Au cœur du 10ᵉ siècle, la Germanie, qui correspond essentiellement à l’ancienne province carolingienne de Franconie, est dirigée par Henri 1er l’Oiseleur, un roi doté d’une grande énergie et d’une renommée exceptionnelle. Ce souverain parvient à annexer la Lotharingie à son royaume, consolidant ainsi son territoire.
Une grande partie de son règne est cependant consacrée à combattre les Magyars, dont les incursions représentent la dernière vague des grandes invasions barbares venues de l’Est.
Henri 1er, après avoir marqué son époque par ses actions militaires et politiques, laisse le trône à son fils, Othon, à sa mort. Ce passage de pouvoir marque une étape décisive dans l’histoire de l’Europe, car Othon héritera non seulement du trône, mais également des ambitions impériales de son père.
Les relations privilégiées entre Othon et le clergé allemand
Dès son accession au pouvoir, Othon 1er adopte une politique audacieuse visant à renforcer son autorité grâce au soutien du clergé. Il attribue aux abbés et évêques allemands des domaines fonciers considérables, consolidant ainsi leur loyauté à son égard.
Cette stratégie permet également d’établir des relations diplomatiques fructueuses avec le Vatican, un atout majeur dans l’Europe médiévale.
À cette époque, le pape en exercice est Jean XII, également connu sous le nom de Octavien de Tusculum. Élu à seulement 18 ans, ce jeune pontife est marqué par une réputation sulfureuse. En dépit de ses écarts, son pontificat reste mémorable pour des décisions importantes, comme la canonisation de Thomas d’Aquin, figure emblématique de la théologie chrétienne.
Le rôle d’Othon face aux tensions italiennes
Une menace grave plane alors sur le pape Jean XII, qui fait face aux ambitions d’un féodal italien puissant : Béranger II, marquis d’Ivrée. Sentant le danger, le souverain pontife fait appel à Othon pour le protéger. Ce dernier, en réponse à cet appel, traverse les Alpes et prend possession de la couronne des rois lombards, consolidant ainsi son autorité en Italie.
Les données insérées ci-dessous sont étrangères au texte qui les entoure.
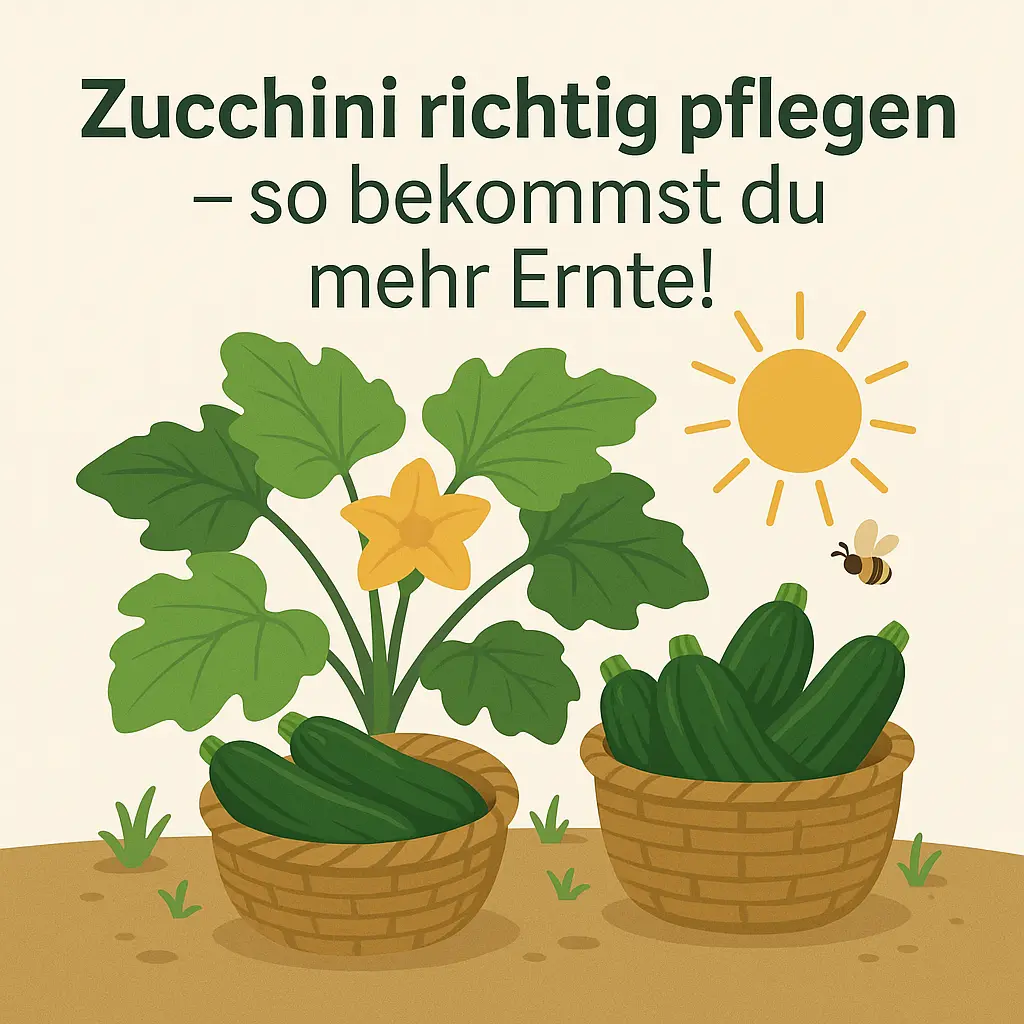 Zucchini pflegen -Illustration von Zucchinipflanzen mit Körben voller Früchte, Sonne und Biene.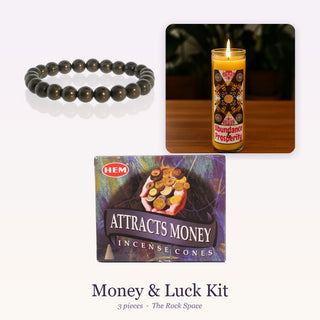 Money & Luck Kit: Pyrite Round Bracelet, 7-Day Manifestation Candle, Attracts Money Hem Incense Cones - 10 Pack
En guise de gratitude, Jean XII élève Othon à un rang supérieur en le couronnant Empereur romain. Ce titre, parfois nommé « Empereur Auguste », confère à Othon une dimension unique : celle de protecteur de l’Occident chrétien.
Cette reconnaissance est renforcée par ses précédentes victoires militaires, notamment la bataille du Lechfeld en 955, où il met un terme définitif à la menace des Magyars, accroissant ainsi son prestige à travers toute l’Europe.
Une définition floue de l’Empire et son évolution
Le couronnement d’Othon 1er soulève une question importante : cet empire est-il une résurgence de l’Empire romain ou carolingien ?
La réponse reste incertaine à l’époque. Ce n’est qu’au fil des décennies que l’identité de ce nouvel empire se précise. Le mot « saint » est ajouté à son titre en 1054, marquant une séparation nette avec les terres orthodoxes. Puis, en 1486, l’adjonction du terme « germanique » achève de définir l’identité de ce territoire en pleine mutation.
Othon, bien qu’il ne règne que 11 ans après son couronnement impérial, laisse un héritage durable. Son fils, qui lui succède, adopte le titre d’Imperator Romanorum, posant ainsi les bases d’une lignée impériale qui marquera l’histoire européenne.
Les tensions entre le pape et l’empereur
Malgré leur collaboration initiale, les relations entre Othon et Jean XII se détériorent rapidement. L’entente cordiale cède la place à des conflits d’intérêt. En novembre 963, Othon dépose le jeune pape, mettant un terme brutal à son pontificat controversé. L’ancien pontife, Jean XII, trouve une fin tragique l’année suivante, victime d’un assassinat.
Ce tournant marque les prémices des tensions récurrentes entre les empereurs du Saint-Empire et les papes, tensions qui continueront à modeler l’histoire politique et religieuse de l’Europe médiévale.
Avec le couronnement d’Othon 1er, l’Europe entre dans une nouvelle ère où le pouvoir impérial et l’autorité religieuse s’entrelacent, ouvrant la voie à des siècles de transformations politiques et culturelles.